Magdeburg l Magdeburg gehört 2019 wieder zu den Kommunen, die bereits am Anfang des Jahres eine vom Landesverwaltungsamt genehmigte Haushaltssatzung vollziehen können. Das teilte ein Sprecher des Amtes mit, das alljährlich den Haushalt prüft und genehmigt. Damit verfügt Magdeburg über die notwendige Rechtsgrundlage für sein wirtschaftliches Handeln.

„Die Landeshauptstadt hat bereits in den zurückliegenden Jahren wichtige Weichenstellungen getroffen, um nachhaltige Investitionen tätigen zu können.
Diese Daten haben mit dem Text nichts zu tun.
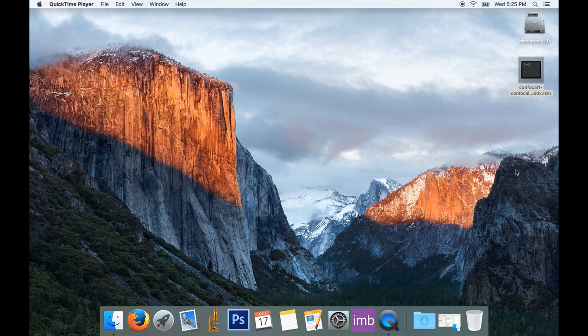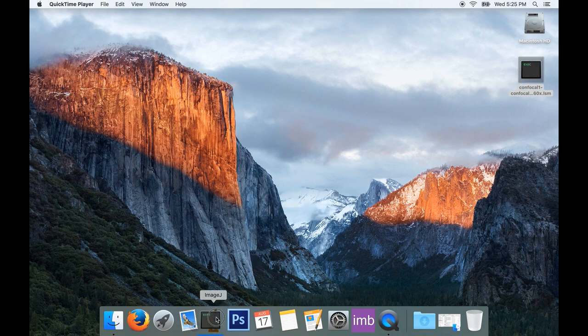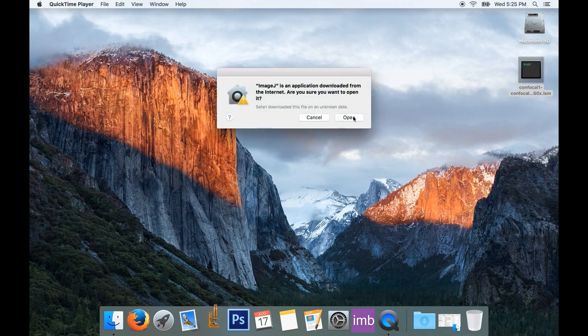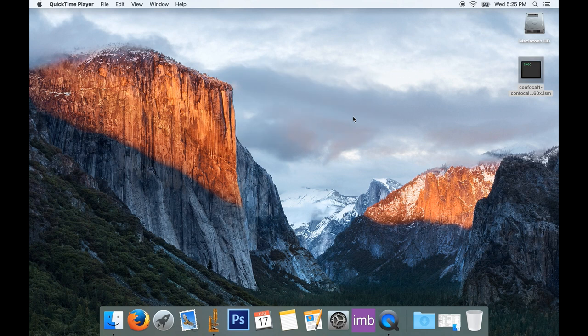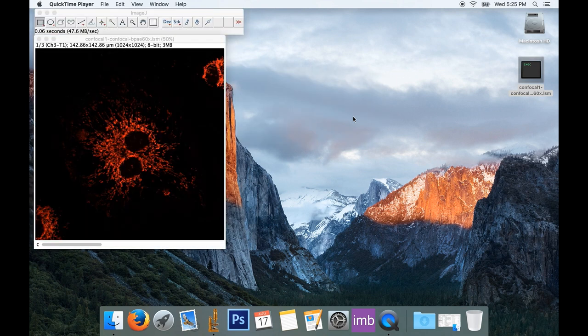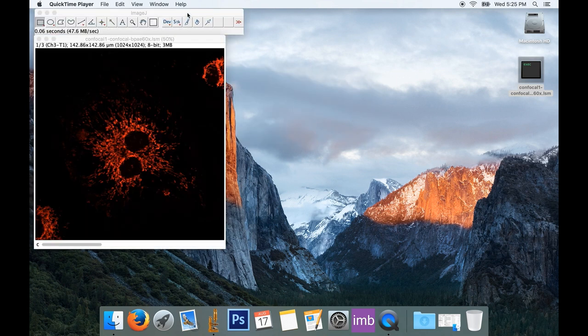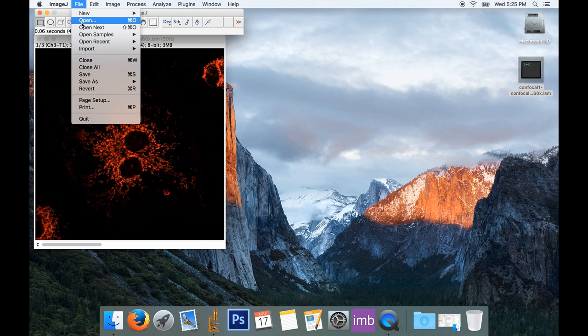To open my file, I'll just drag it onto my ImageJ icon in my dock, but I could just as well have started up ImageJ and selected File Open from the menu to open my image.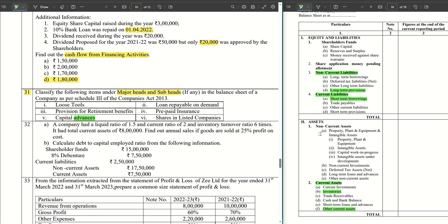Then we have capital advances. The key word here is 'advances' — these are advances given by the company, so it comes under the head non-current assets, specifically under long-term loans and advances.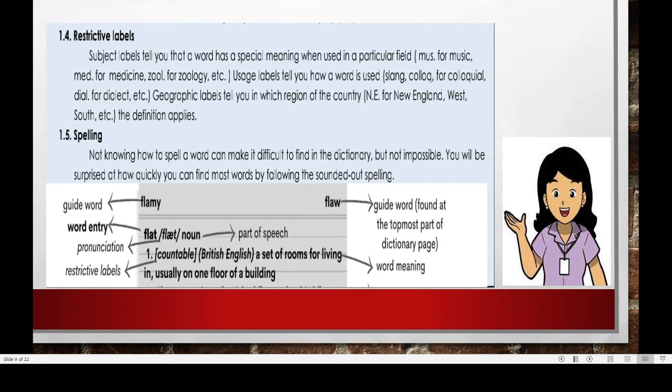Here is an example of an entry found on a page in a dictionary. As mentioned earlier, dictionaries have guide words found on the upper left corner and upper right corner. The word entry is in bold letters. It has pronunciation, also the parts of speech. The restrictive labels are given, and of course, the meaning of the word.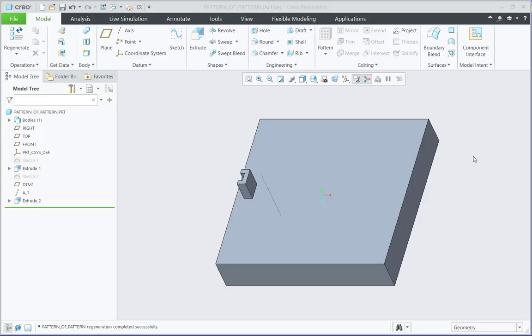In this tech tip, I will show how to create a pattern of an already created pattern feature by using Creo Parametric 7.0.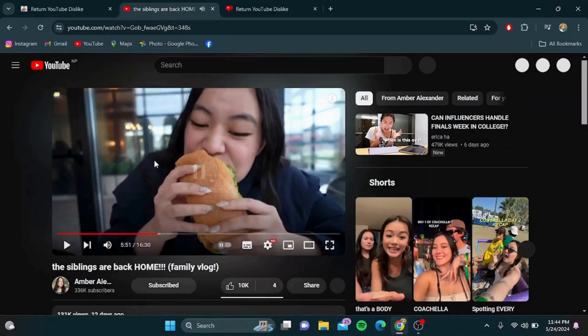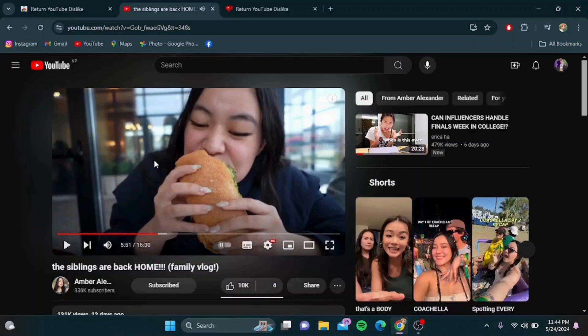After the extension is installed, it works automatically. Just go to your YouTube video and you'll see the dislike count displayed right next to the like count, just like before.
Die Bereitstellung der entsprechenden Eigenmittel im Haushalt ist die Voraussetzung, um auch die dafür erforderlichen Fördermittel nutzen zu können“, kommentierte der Präsident des Landesverwaltungsamtes, Thomas Pleye, die Genehmigung.

Keine Einschränkungen

Die von der Landeshauptstadt Magdeburg festgesetzten Kreditaufnahmen zur Absicherung der Eigenanteile für Investitionsmaßnahmen in Höhe von rund 55 Millionen Euro sowie vorgesehene Verpflichtungsermächtigungen zulasten künftiger Haushaltsjahre habe man ohne Einschränkungen genehmigen können, hieß es weiter.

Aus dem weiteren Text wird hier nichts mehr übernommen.